St. George Island in Bermuda is home to the oldest continually inhabited English settlement in the Western Hemisphere. In 1609, the English ship Sea Venture, bound for the Jamestown Colony in America, wrecked offshore of St. George Island. A permanent settlement was established in 1612. Today it’s a UNESCO World Heritage Site complete with historic churches, forts, and museums.
Visiting the settlement today is like stepping back in time. Stroll along narrow, cobblestone streets with early-English names like “Shinbone Alley,” and “Needle & Thread Alley.” The first things a 17th century settlement needed were a church and a fort, and St. George Island has both historic structures.

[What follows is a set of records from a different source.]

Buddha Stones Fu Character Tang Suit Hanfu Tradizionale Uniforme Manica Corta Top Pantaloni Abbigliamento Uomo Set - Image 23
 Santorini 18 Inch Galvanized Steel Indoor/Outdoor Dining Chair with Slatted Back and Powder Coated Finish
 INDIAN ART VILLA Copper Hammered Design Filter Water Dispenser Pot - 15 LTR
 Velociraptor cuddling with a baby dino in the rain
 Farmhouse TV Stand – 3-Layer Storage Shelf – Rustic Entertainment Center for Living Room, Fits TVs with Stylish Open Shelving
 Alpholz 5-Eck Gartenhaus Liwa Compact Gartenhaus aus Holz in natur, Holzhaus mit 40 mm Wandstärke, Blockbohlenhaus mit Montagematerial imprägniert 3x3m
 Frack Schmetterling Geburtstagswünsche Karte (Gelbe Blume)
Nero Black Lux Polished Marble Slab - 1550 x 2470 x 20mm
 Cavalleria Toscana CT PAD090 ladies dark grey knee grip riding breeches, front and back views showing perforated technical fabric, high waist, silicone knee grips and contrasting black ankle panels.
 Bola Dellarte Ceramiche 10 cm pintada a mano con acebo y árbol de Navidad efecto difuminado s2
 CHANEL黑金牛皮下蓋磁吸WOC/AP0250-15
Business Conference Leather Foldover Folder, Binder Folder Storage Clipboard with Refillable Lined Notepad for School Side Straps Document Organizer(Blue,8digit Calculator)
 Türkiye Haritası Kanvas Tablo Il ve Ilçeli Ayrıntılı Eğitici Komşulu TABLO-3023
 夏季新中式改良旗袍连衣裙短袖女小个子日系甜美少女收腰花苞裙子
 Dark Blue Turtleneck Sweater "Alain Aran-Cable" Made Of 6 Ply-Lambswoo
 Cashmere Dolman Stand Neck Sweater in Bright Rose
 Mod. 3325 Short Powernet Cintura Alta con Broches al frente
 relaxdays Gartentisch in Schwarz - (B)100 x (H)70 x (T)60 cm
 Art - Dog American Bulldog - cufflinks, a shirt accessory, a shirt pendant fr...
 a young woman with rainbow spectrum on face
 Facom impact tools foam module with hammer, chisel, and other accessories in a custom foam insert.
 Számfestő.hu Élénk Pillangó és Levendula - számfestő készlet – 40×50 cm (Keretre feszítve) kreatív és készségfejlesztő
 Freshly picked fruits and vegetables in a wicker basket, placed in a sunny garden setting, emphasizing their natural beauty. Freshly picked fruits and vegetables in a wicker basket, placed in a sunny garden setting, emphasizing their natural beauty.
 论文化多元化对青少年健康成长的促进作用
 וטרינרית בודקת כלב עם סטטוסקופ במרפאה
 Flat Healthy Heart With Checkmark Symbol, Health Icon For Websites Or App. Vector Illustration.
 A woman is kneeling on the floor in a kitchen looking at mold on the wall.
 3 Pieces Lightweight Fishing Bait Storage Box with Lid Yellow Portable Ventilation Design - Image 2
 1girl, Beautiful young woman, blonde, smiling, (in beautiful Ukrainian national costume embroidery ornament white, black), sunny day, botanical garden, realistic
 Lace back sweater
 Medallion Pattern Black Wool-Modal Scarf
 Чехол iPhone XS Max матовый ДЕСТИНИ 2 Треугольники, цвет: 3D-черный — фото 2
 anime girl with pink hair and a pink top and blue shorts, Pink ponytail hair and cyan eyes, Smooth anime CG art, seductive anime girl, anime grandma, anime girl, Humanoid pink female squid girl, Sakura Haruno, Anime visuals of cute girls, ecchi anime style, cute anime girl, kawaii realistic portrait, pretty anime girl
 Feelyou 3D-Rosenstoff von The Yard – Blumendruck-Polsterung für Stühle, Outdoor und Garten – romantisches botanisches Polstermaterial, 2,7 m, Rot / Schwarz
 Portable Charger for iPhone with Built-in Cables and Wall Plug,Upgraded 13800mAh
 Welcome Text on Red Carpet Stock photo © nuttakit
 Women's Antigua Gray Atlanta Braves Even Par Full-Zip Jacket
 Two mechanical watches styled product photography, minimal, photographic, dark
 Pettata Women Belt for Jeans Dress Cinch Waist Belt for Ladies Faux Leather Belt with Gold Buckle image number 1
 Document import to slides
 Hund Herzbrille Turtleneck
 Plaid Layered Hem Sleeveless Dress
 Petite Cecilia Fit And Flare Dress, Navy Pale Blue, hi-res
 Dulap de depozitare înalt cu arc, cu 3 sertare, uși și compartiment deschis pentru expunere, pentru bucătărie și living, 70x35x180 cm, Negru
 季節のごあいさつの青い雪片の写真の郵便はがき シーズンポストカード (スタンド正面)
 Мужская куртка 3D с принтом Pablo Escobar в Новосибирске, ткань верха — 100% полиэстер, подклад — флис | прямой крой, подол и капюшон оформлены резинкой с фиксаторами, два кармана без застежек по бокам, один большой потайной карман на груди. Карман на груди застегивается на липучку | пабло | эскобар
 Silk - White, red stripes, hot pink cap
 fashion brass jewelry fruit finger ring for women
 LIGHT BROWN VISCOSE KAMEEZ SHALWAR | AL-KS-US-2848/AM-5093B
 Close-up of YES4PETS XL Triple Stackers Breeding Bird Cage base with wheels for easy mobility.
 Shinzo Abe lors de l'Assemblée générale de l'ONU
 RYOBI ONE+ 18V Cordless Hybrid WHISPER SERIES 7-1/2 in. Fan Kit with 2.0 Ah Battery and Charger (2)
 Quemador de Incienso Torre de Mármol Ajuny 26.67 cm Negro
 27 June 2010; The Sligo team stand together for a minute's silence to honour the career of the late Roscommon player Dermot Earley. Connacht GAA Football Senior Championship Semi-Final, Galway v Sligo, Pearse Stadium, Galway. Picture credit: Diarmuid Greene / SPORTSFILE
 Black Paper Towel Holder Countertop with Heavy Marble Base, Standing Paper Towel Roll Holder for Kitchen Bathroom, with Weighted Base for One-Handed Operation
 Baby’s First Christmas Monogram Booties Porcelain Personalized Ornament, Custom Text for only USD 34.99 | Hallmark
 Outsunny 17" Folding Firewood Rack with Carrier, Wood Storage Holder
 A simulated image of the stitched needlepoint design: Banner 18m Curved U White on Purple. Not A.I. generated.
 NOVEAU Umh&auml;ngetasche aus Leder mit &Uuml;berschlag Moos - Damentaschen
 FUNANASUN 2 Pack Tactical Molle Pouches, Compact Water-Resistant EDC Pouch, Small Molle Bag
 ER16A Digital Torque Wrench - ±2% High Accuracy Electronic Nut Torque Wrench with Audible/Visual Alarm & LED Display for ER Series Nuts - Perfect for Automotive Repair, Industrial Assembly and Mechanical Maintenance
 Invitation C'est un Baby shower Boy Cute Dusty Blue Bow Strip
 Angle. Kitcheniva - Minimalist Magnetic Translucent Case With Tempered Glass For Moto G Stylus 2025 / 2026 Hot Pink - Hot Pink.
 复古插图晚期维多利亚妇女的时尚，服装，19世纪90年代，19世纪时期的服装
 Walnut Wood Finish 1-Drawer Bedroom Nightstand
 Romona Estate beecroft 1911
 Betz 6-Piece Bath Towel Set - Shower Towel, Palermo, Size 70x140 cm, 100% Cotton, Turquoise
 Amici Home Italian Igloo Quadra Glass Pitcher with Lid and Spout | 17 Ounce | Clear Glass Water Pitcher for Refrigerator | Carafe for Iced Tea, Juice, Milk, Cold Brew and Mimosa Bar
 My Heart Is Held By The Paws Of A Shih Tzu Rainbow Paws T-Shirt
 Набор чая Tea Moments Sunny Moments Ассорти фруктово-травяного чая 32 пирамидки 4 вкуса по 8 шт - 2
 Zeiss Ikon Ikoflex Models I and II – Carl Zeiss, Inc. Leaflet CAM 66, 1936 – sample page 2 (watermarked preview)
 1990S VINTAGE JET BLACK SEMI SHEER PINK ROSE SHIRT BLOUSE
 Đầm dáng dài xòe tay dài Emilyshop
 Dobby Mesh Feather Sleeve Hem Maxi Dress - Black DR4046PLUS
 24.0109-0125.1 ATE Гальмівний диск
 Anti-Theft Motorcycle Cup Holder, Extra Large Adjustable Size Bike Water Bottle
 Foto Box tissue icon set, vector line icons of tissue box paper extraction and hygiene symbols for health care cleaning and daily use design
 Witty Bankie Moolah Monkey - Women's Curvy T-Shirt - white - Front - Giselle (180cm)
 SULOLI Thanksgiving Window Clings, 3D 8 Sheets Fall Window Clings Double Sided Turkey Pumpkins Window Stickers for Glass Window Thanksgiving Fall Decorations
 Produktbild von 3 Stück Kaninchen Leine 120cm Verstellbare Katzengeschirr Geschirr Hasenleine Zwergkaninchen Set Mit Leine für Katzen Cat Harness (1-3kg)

St. Peter’s Church is more than 400 years old. Established in 1612, it is the oldest Anglican Church in the Americas. Visitors to the church today will see the altar made of hand-carved red cedar, candlelit chandeliers, an 18th century throne salvaged from a shipwreck and communion silver believed to be more than 900 years old, gifted to the church by King William III in 1697. The church’s graveyard has headstones dating back 300 years.
Fort St. Catherine was constructed in 1614, as protection against invaders and pirates. It towers above the pink sand beach where settlers from the Sea Venture came ashore in 1609. Today, the fort has been fully restored. Visitors will enjoy fantastic views from the looming ramparts and are free to explore the towers, period artillery, and tunnels and chambers drilled into the terra firma.
A favorite spot on St. George Island for photographs and weddings is the Unfinished Church. Construction on the church was started in 1874, but when a tornado tore the roof off the church in 1925, plans were put on hold. The church was never completed.
But Bermuda is much more than St. George. It wouldn’t be an island without some amazing beaches and if you see just one beach, make it Horseshoe Bay. The pink sand and warm waters rank this beach consistently as one of the most beautiful in the world. Calm waters and lifeguards on hand make this a great spot for children.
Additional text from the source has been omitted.